**What needs to be done:**
In this exercise, return only the lines that run from the line with "this 120×90 image." to the end of the entries below, both included. Pictures are not copied.

Text-to-region grounding data

........

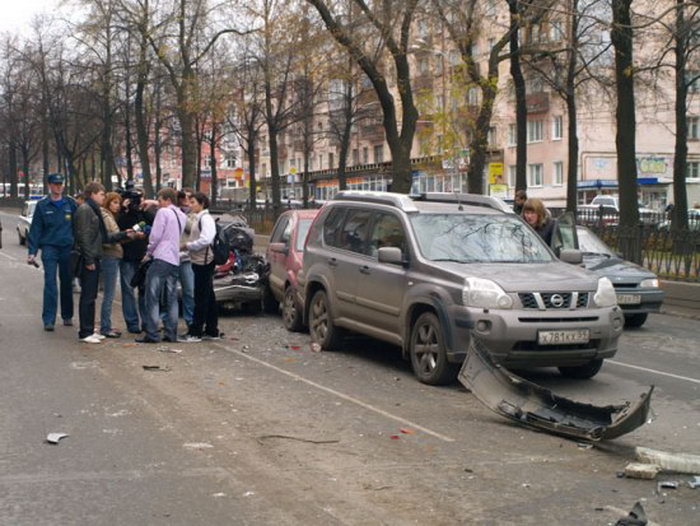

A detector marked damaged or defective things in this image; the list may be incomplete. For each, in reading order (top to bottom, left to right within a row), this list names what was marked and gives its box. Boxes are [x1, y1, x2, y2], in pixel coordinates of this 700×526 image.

damaged silver suv [300, 194, 624, 388]
detached front bumper [442, 304, 624, 370]
crumpled car hood [462, 336, 652, 444]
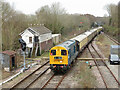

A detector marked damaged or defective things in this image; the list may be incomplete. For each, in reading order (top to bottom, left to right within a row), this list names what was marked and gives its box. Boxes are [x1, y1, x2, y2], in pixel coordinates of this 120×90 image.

rusty rail [87, 45, 108, 88]
rusty rail [91, 43, 120, 86]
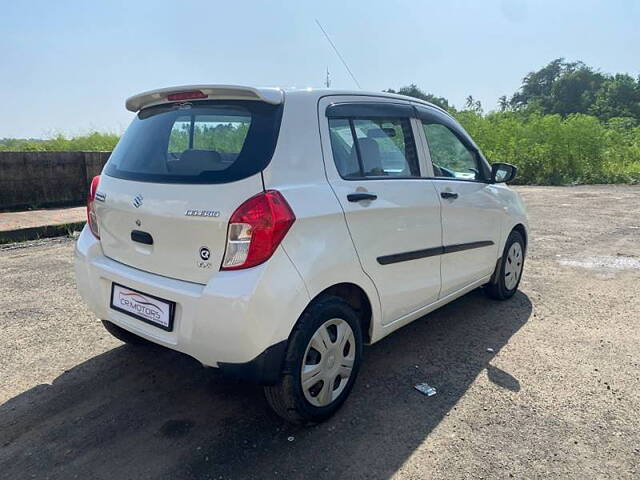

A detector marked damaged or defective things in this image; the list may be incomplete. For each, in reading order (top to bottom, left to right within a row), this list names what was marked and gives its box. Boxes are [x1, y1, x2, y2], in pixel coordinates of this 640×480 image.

cracked asphalt [1, 185, 640, 480]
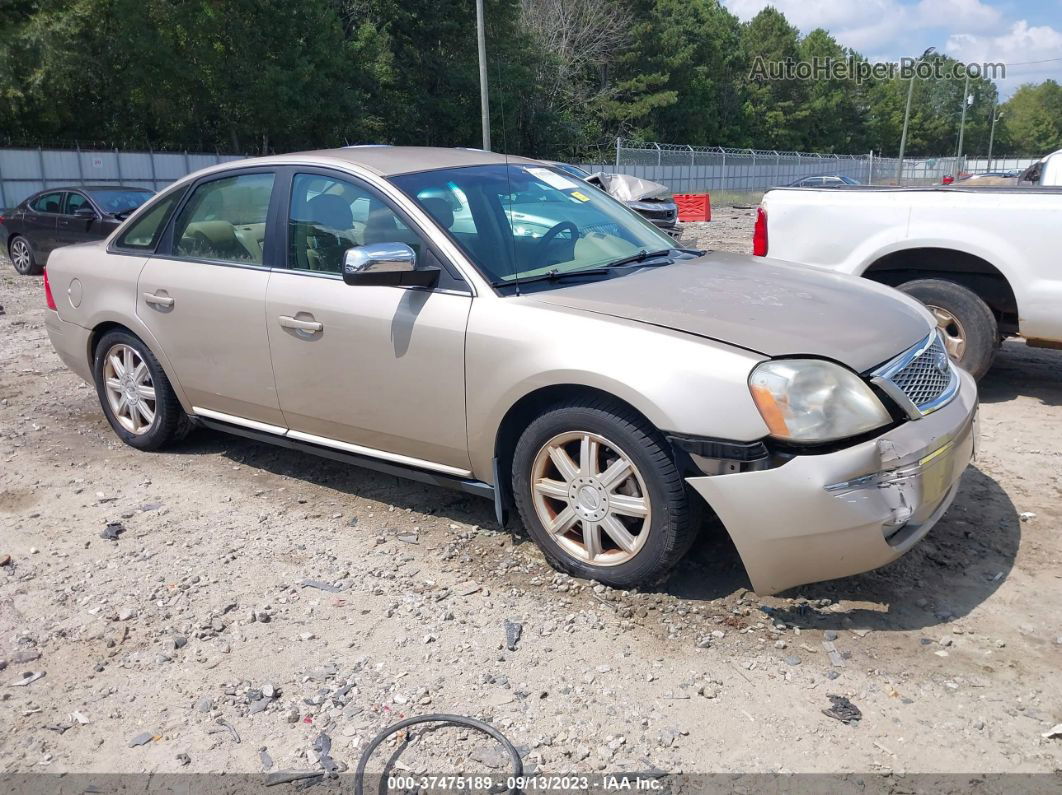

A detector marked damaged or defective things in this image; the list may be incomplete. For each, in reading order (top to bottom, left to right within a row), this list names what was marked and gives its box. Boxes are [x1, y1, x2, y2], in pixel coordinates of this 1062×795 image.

damaged front bumper [688, 369, 977, 594]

........

**Response below:**
A detector marked damaged or defective things in this image; the list may be incomplete. For each, in reading order (top to bottom, left to right within a row), this list names what was marked and gives its box. Boxes are [x1, y1, x2, y2], in pixel coordinates of this 120×90 image.

rusty rail [87, 45, 108, 88]
rusty rail [91, 43, 120, 86]

A detector marked damaged or defective things in this image; the list may be incomplete. For each, in reading order (top to bottom, left to right within a row), this list names what was marked and gives its box. Boxes are [x1, y1, x2, y2], in pixel coordinates of this 640×480 image.

cracked asphalt [1, 185, 640, 480]

A detector marked damaged or defective things in this image; the list may be incomplete. For each, in reading order (top to bottom, left to right within a row), this list names what was marked and gives its box. Boxes are [x1, y1, x2, y2], in pixel coordinates of this 1062×795 image.

damaged front bumper [688, 369, 977, 594]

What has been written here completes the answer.